One city, 80,000 lifesavers

One city, 80,000 lifesavers

UF physician hopes bystander CPR training will improve cardiac arrest survival rate

By Matt Galnor

Gone are the days of searching for a pulse and applying mouth-to-mouth resuscitation to try to save someone.

Now there are just two simple steps: Call 911, then push hard and fast until emergency crews arrive.

It’s so simple that a physician at the UF College of Medicine-Jacksonville is leading the charge to fill the city’s EverBank Field (where the Jacksonville Jaguars play) with local residents newly trained in bystander CPR.

Joseph Sabato Jr., M.D., a UF assistant professor of emergency medicine and director of field operations and disaster management, thinks the community can get 80,000 people trained by May. That, Sabato said, would in turn increase the now 5 percent survival rate of sudden cardiac arrests in Jacksonville.

Only one-third of those people received bystander CPR, the No. 1 factor in whether a person survives. But if the entire city can be trained, the survival rate could triple to 15 percent, as it is in Seattle where there’s been a serious push to learn the life-saving skill, Sabato said.

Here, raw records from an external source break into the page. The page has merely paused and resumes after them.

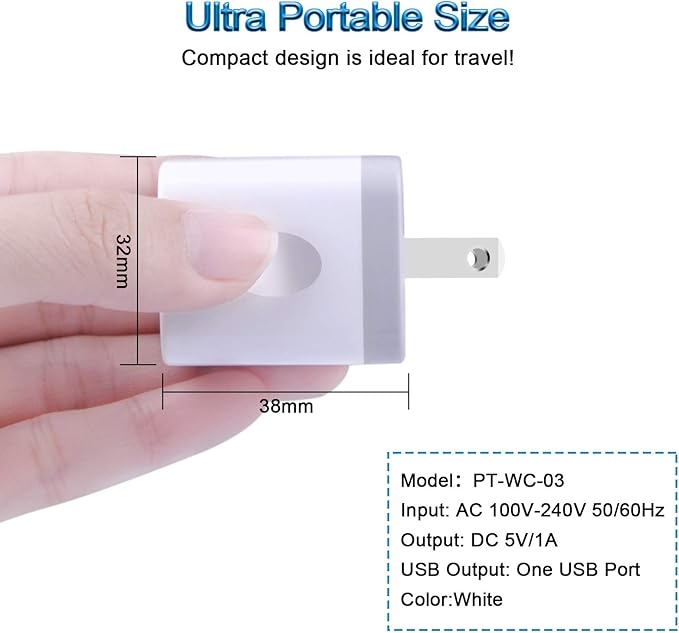USB Plug Wall Adapter for iPhone,1A/5V Single Port Phone Wall Charger Block Charging Cube Box Brick 3 Pack for iPhone 17e/15 Pro Max/14/13/12/11,Samsung Galaxy S24/S23/S22/S21/S20/S26,Google Pixel 10a
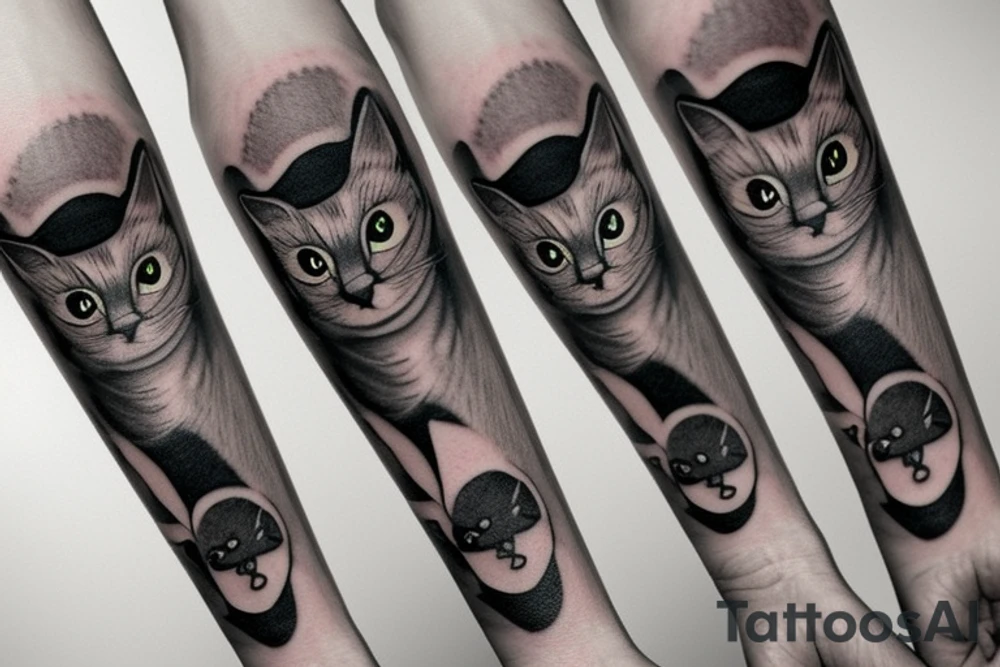 Black cat with a hat tattoo idea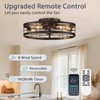 VOLISUN Caged Ceiling Fan with Light and Remote,19.7 inch Fandelier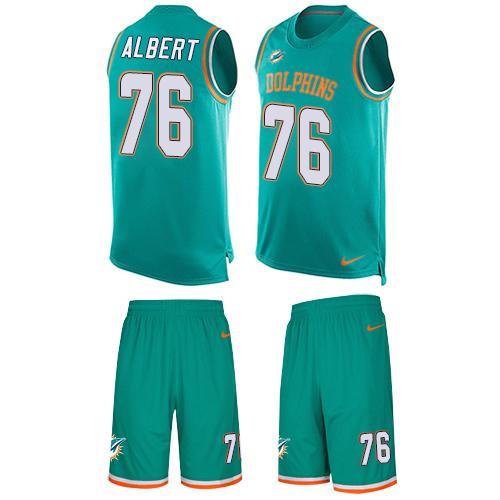 Nike Dolphins #76 Branden Albert Aqua Green Team Color Men's Stitched NFL Limited Tank Top Suit Jersey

Training takes two minutes — 90 seconds to learn it and 30 seconds to do a quick demonstration.

“It’s a little bit longer than a TV commercial — about where people’s average attention span is nowadays,” Sabato said.

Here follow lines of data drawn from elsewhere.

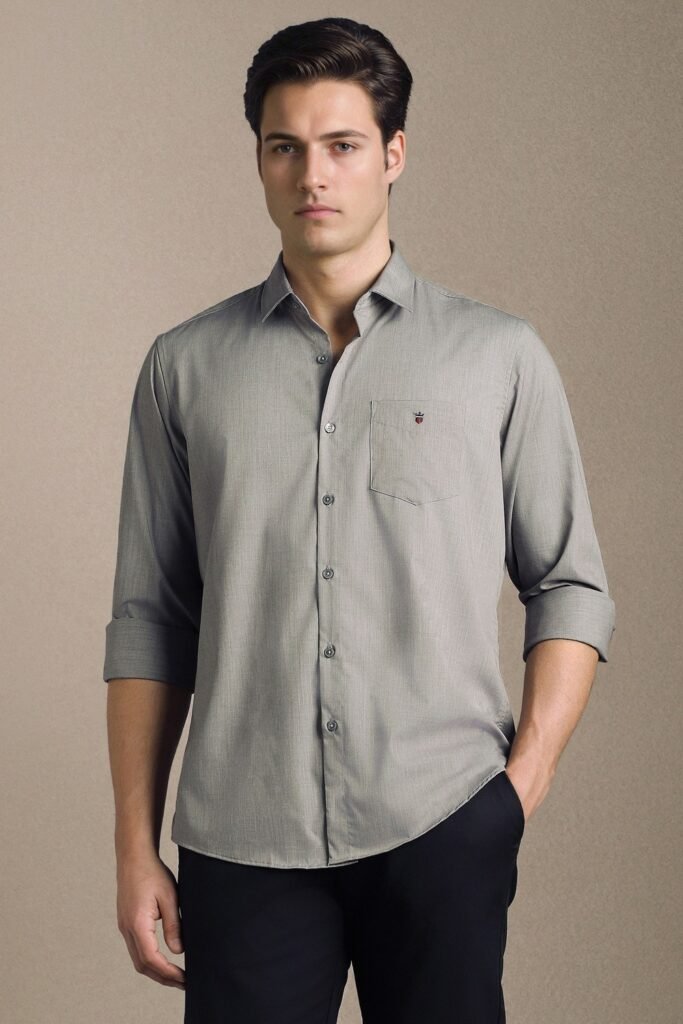 Louis Philippe Medium Grey Solid Casual Full Sleeves Shirt Collar Men Slim Fit Casual Shirt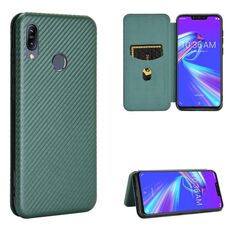 Per Asus Zenfone Max (M2) ZB633KL Fibra di carbonio Texture Flip orizzontale magnetico TPU + PC + Custodia in pelle PU con slot per scheda (verde)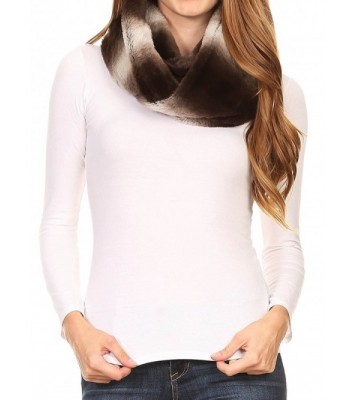 Sakkas Rhie Long Lightweight Faux Fur Ombre Colored Warm Soft Infinity Scarf - Black - CT12MWUJJWD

When most people think about CPR, Sabato says their mind usually goes right to mouth-to-mouth resuscitation. There’s a natural uneasiness there, especially with today’s focus on spreading germs. But research has shown there is no need for mouth-to-mouth. The body has enough oxygen to make it six minutes and the key is to keep the heart pumping blood, Sabato said.

Although it has been 10 years since the standard changed, many people are not aware.

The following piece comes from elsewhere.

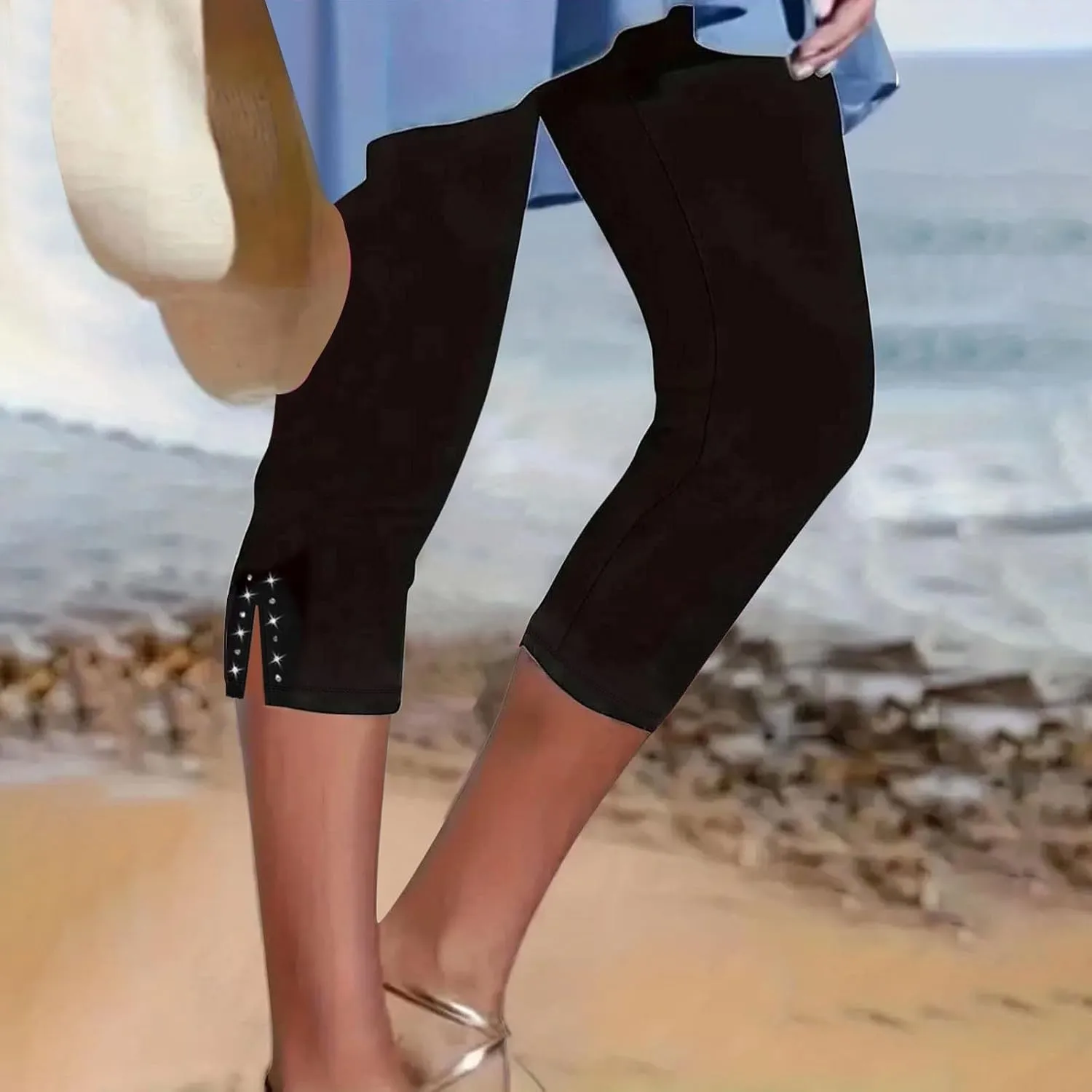 Capri Leggings for Women High Waisted Rhinestone Trim Stretch Workout Yoga Capris Comfy Gym Compression Joggers Pants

“It’s so simple, there’s really no reason we can’t train everyone,” Sabato said.

The effort is called Take Heart First Coast and, along with Sabato and UF, the First Coast EMS Advisory Council is taking a lead role.

Sabato will be among those taking the training show on the road throughout Jacksonville this year and getting others certified to train people as well. Last month, about 50 students at Stanton College Preparatory School were taught to be trainers. The school’s medical society has taken a lead role on the project and a mechanical engineering student has discovered a way to keep costs down using basketballs and footballs in training instead of likelike inflatable models, which cost $35.